(Captioned web images)
=== Begin Enclosure ===
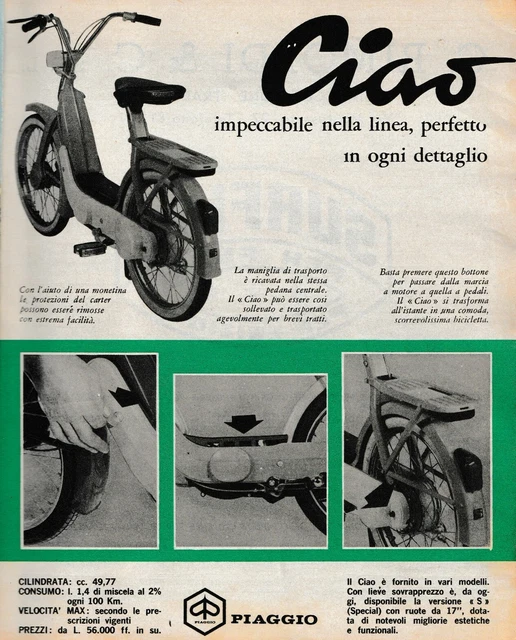 P72.001 Pubblicità Advertising ANNI CIAO - PIAGGIO * 1972 * 2 PAGIN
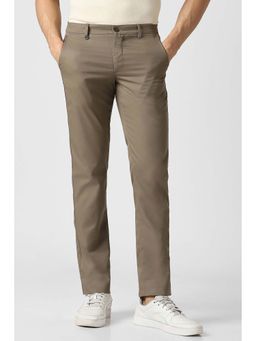 Van Heusen - Men Beige Solid Trousers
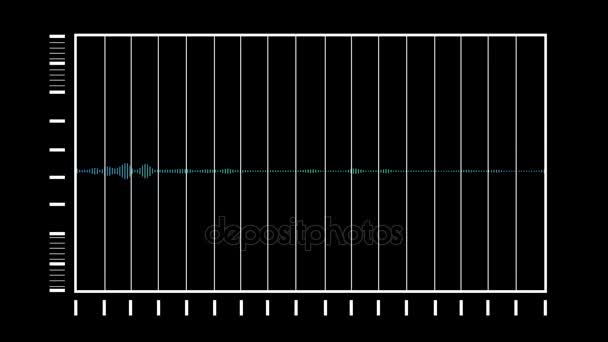 Animation - computer generated equalizer bars in waveform audio spectrum — Stock Video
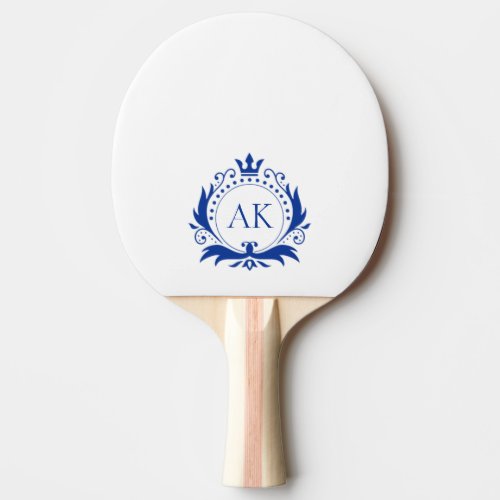 Blue Crown Frame Monogram Ping Pong Paddle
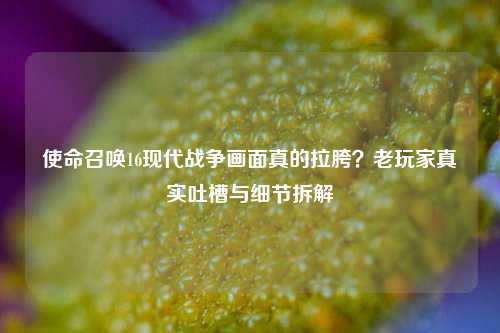 使命召唤16现代战争画面真的拉胯？老玩家真实吐槽与细节拆解
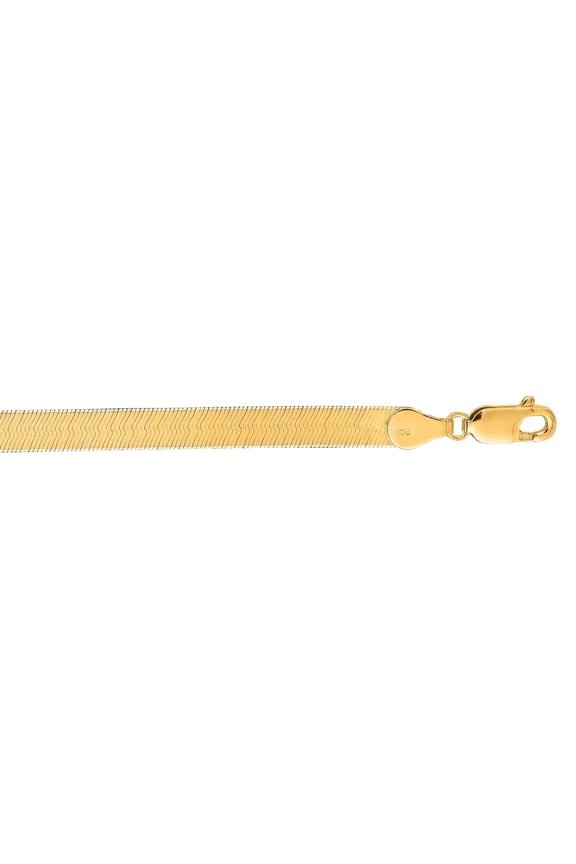 Solid 14K Gold Yellow 5mm Imperial Herringbone Bracelet 7"-8"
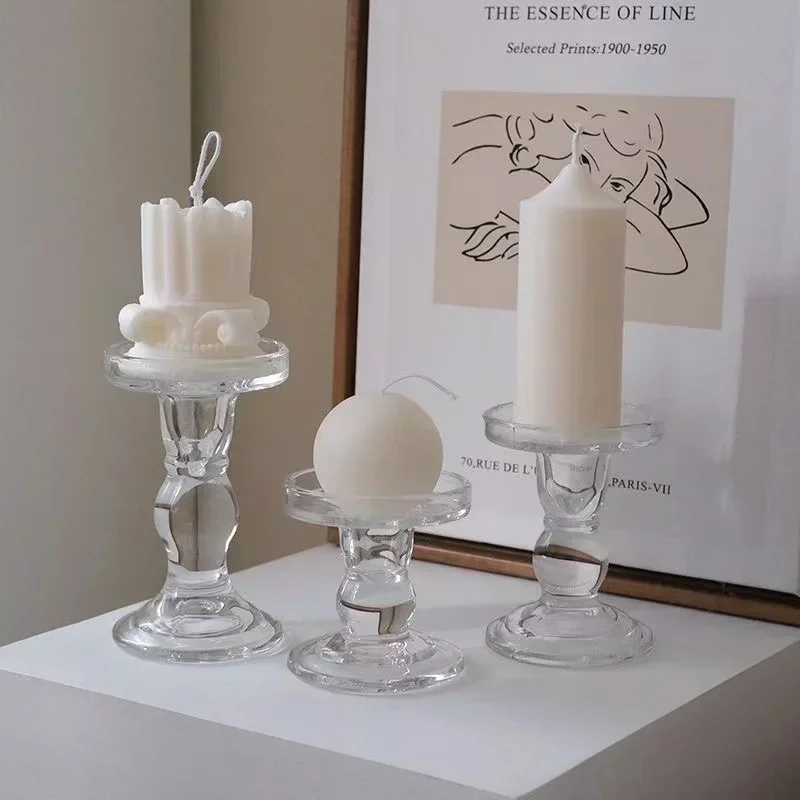 Elegante Glas-Teelichthalter für Hochzeiten und Dekoration – Bild 4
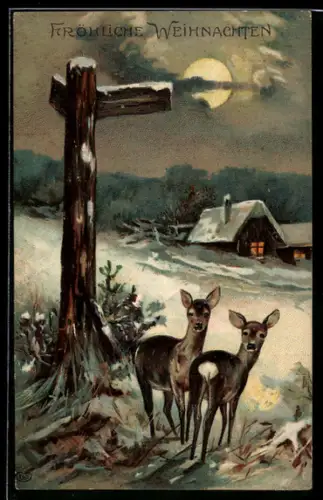 Präge-AK Zwei Rehe im Schnee, Haus, Mond, Weihnachtsgruss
=== End Enclosure ===
— WHAT YOU NEED TO DO —
Write out every entry again word for word, without any of the pictures.

— TASK OUTPUT —
 P72.001 Pubblicità Advertising ANNI CIAO - PIAGGIO * 1972 * 2 PAGIN
 Van Heusen - Men Beige Solid Trousers
 Animation - computer generated equalizer bars in waveform audio spectrum — Stock Video
 Blue Crown Frame Monogram Ping Pong Paddle
 使命召唤16现代战争画面真的拉胯？老玩家真实吐槽与细节拆解
 Solid 14K Gold Yellow 5mm Imperial Herringbone Bracelet 7"-8"
 Elegante Glas-Teelichthalter für Hochzeiten und Dekoration – Bild 4
 Präge-AK Zwei Rehe im Schnee, Haus, Mond, Weihnachtsgruss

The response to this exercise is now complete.